Rain Rate Interpolation Algorithm

The program rgmin generates 1-minute hourly rain rates from discrete tipping bucket rain gauge data by applying an interpolation algorithm. The interpolating routine is based on the cubic spline routine published in the book "Numerical Recipes". The mathematical theory underlying this algorithm is presented in section 3.3 of the book along with a copy of the source code. The mathematics involved will not be described in any detail, rather the spline will be described in context with its application to the broader algorithm being applied in rgmin. Tipping bucket data received by the TRMM Satellite Validation Office can differ in two ways:

1) Data sampling
       i) number of tips in minute
       ii) time of tip (to nearest second)

2) Amount of rain per tip
       i) .254 mm (0.01 in )
       ii) 1 mm (0.039 in)

Input directive parameters are provided before each run which aid in controlling the processing flow. These parameters determine which module is used to read the data and how much rain is accumulated for each tip. In addition the input directives file supplies a file listing identifying the file and its directory location .
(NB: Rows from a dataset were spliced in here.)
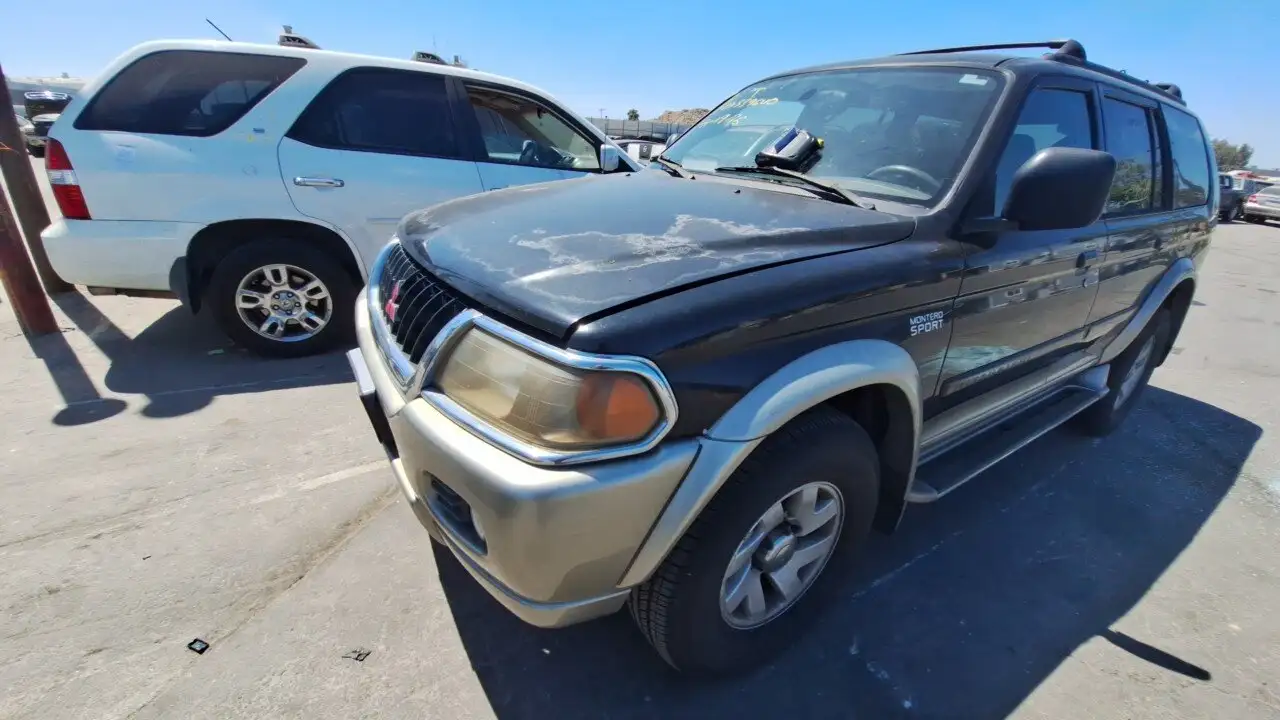Photo of 2000 Mitsubishi Montero Sport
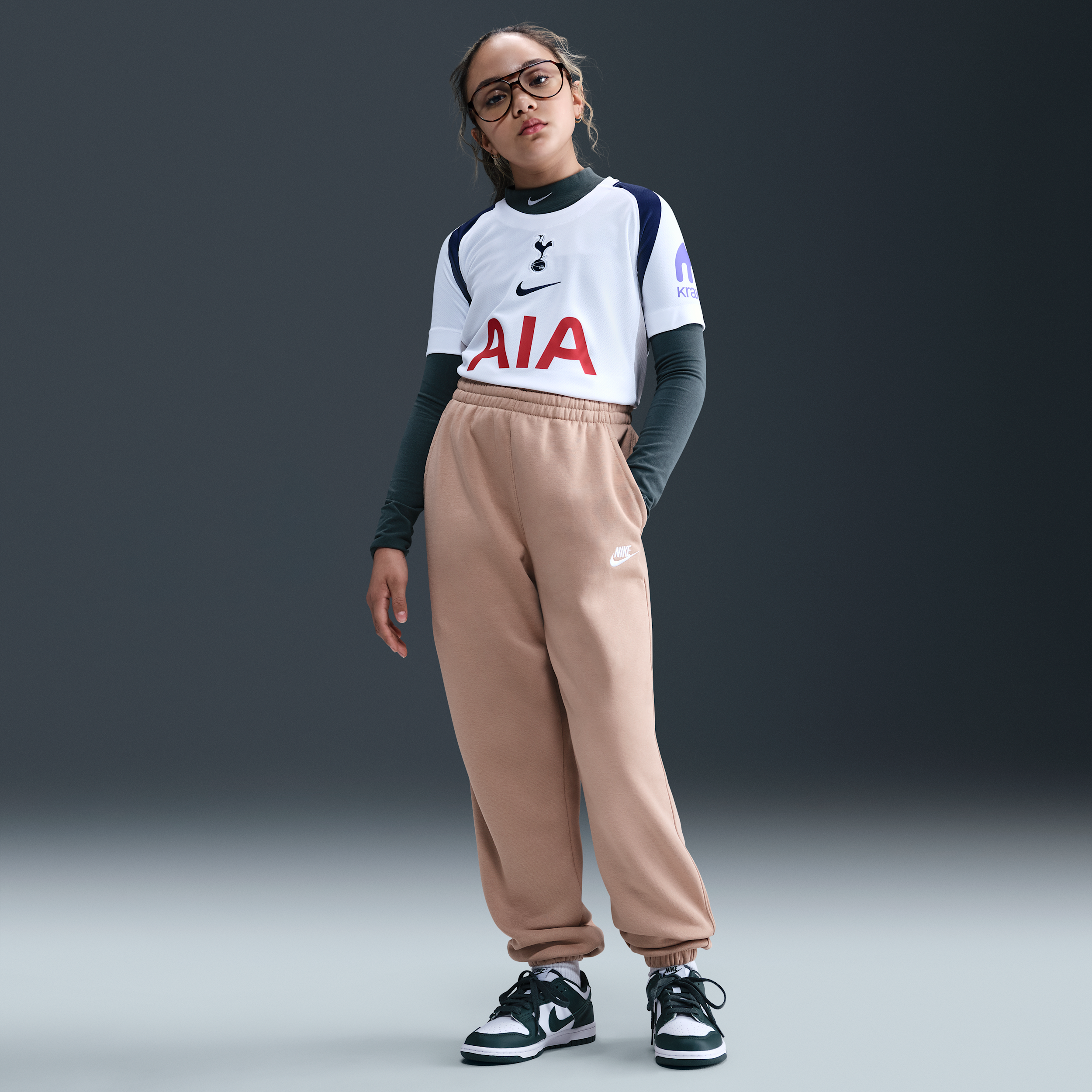 Nike Sportswear Club Fleece Big Kids' Loose Pants in Brown | FD2933-200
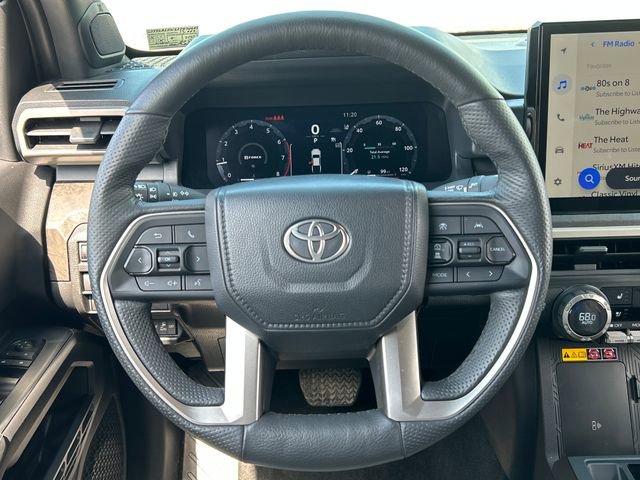 Used 2025 Toyota Tacoma Limited AWD/4WD image 15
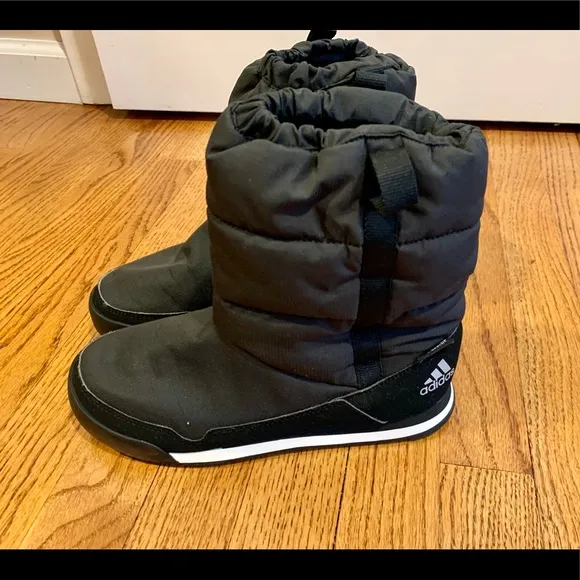 Youth adidas snow pull on boots like new size 5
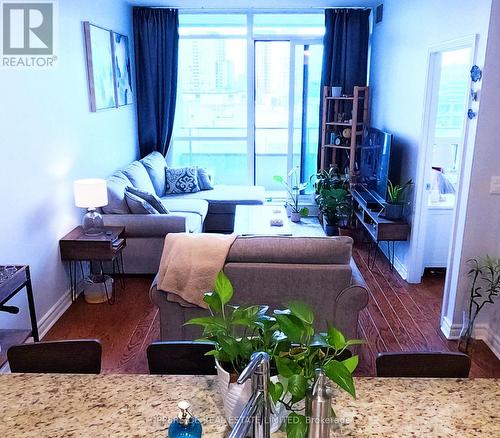 239 - 2885 Bayview Avenue, Toronto, ON - Indoor Photo Showing Living Room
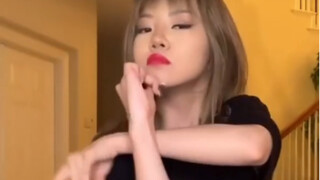 红房子小贝BaileySok越来越美了 女人味十足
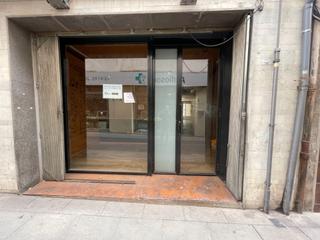 Lloguer Local Comercial a Olot. Local comercial al centre amb garatge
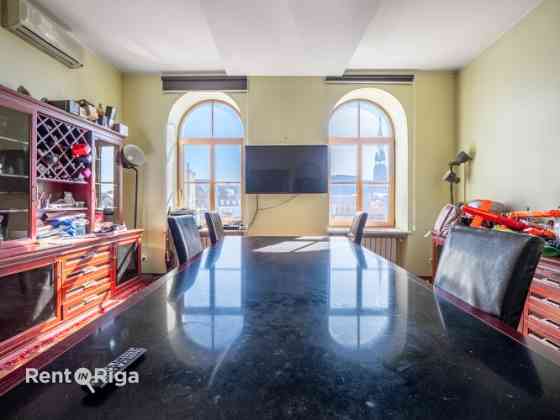 Тихая и солнечная двухуровневая квартира с террасой, сауной и 2 каминами.  На Rīga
While the data is being read from file a time of tip in seconds is attached to each record, thus the Julian day, hour, minute and second are converted to seconds to give the actual time (within a given year) in seconds. This time is stored in a 1-dimensional integer array, and later passed back to the main program after all of the data has been read from file. In the case where the data sampled is recorded as number of tips per minute, the tips recorded during that minute are spread out in even time intervals, so that each individual tip has a unique time stamp associated with it. As the data is being read from the file, consecutive records are compared by computing the time difference between them. If this difference is between 20 and 30 minutes, it is assumed that the current tip was accumulated gradually over that time period, and therefore should be spread more evenly over that period. In this special case, a time halfway between the computed time difference is added as an additional record and a half-tip is recorded at the current time and the time half way in between . For example, if the time difference between two consecutive records is 22 minutes, an additional record would be added at 11 minutes, and a half tip would be assigned to each record at 11 and 22 minutes. Thus no additional rainfall is added, rather the actual recorded rainfall is spread out over the longer time interval so that the interpolation derived from it is more representative of the actual rain event.

The time difference between consecutive tips is also used to discriminate between independent rain events. In this case a rain event is defined as being a series of tips which are contiguous in time, and which have a distinct beginning and end (this definition should be distinguished from that which defines an event as a single tip). The beginning and end of a particular rain event is determined based on a threshold parameter. If the time difference between tips exceeds the value established by this parameter, the event is determined by the algorithm to have ended with the previous tip. In this case, the array index corresponding to the current time record is stored in an array. This array of indexes represents a listing of pointers or position markers which allow for a simple recall of the beginning and ending times corresponding to independent rain events. The recorded index actually represents the beginning of the next event, thus the index that precedes it represents the index of the event just completed. The threshold parameter therefore sets an upper limit which explicitly defines how much time can elapse between tips before the event is declared to be over. More importantly, from this determination beginning and ending boundaries can be computed which allow for a separate processing of each rain event independent of the others.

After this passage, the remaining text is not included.